Stretto tra il collasso della pubblicità e l’epilogo della carta stampata, Murdoch morde il freno. Finora solo il Wall Street Journal aveva introdotto il pagamento delle notizie online, sondando le possibilità digitali dell’impero mediatico esteso da Sydney a Londra. Il futuro è oggi. «Penso a quest’anno fiscale» ha detto il patron di News Corporation a chi domandava il calendario della rivoluzione. I suoi giornali britannici, un tempo campioni d’incasso, registrano un calo della pubblicità del 14%. Neppure il 4% extra di Fox News compensa la débâcle dei quotidiani passati da 786 milioni di dollari d’incasso (547 milioni di euro) a 466.
Tramonta la belle epoque d’internet, quando bastava un clic per avere il mondo sulla scrivania? «Credo che i giornali online resteranno gratuiti, ad eccezione di certa informazione finanziaria o specialistica per cui esiste una solida domanda» osserva Valerio Zingarelli, amministratore delegato di Babelgum, tv indipendente e gratuita presente su internet smartphones.

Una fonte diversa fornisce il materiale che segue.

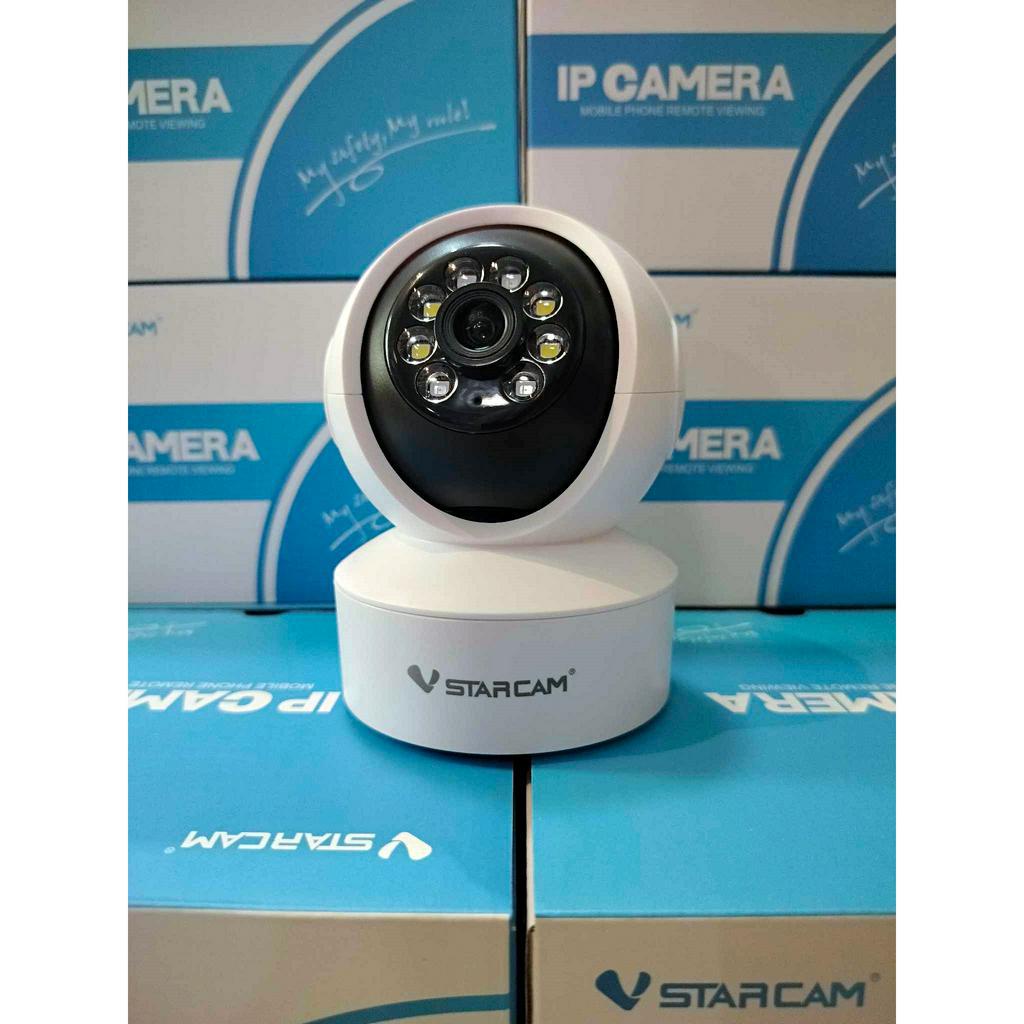 vstarcam-กล้องวงจรปิดกล้องใช้ภายในแบบใส่ซิมการ์ด-รุ่นcg49-l-ความละเอียด3ล้านพิกเซล-รองรับซิม4g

La qualità costa eccome, ma a occuparsene non può essere il lettore: «La sfida è riuscire a vendere pubblicità online. Ci sono segnali positivi: internet ha un numero di utenti dieci volte maggiore della carta stampata. Si può misurare con precisione il ritorno dell’investimento pubblicitario, è questione di tempo».
Murdoch scommette che lungi dall’essere vittima del cambiamento sarà lui a determinarne la rotta. E accetta il rischio: «I nostri contenuti saranno migliori e diversi di quelli dei siti non a pagamento. Se avremo successo saremo seguiti presto da altri media». Senza grande entusiasmo anche il New York Times e l’Independent pensano a una quota per l’accesso alle news.
«E’ difficile prevedere cosa accadrà, Murdoch è un attore importante del mercato e sebbene abituata a non pagare la gente potrebbe accettare un prezzo contenuto per un servizio di cui si fida» ragiona Iain Dale, uno dei più popolari blogger britannici, seguito ogni mese da 130 mila fedelissimi. Secondo Zingarelli la sfida del tycoon australiano non è con il Guardian ma con il web, che offre molte informazioni di qualità buona o accettabile: «Dal punto di vista di Murdoch è giusto fare un tentativo, ma il suo piano è sostenibile solo se gli altri grandi gruppi editoriali gli vanno dietro. Quandanche tutti i giornali si accordassero ci sarà sempre un sito pronto a offrire notizie free». O ad approfittare di quelle altrui. Tecnicamente il Wall Street Journal è blindato, scrive Derek Thompson nel suo blog su The Atlantic. Eppure: «Basta copiare il titolo dell’articolo desiderato su Google per trovarlo senza filtri». Qualcuno prima o poi si districherà dalla rete.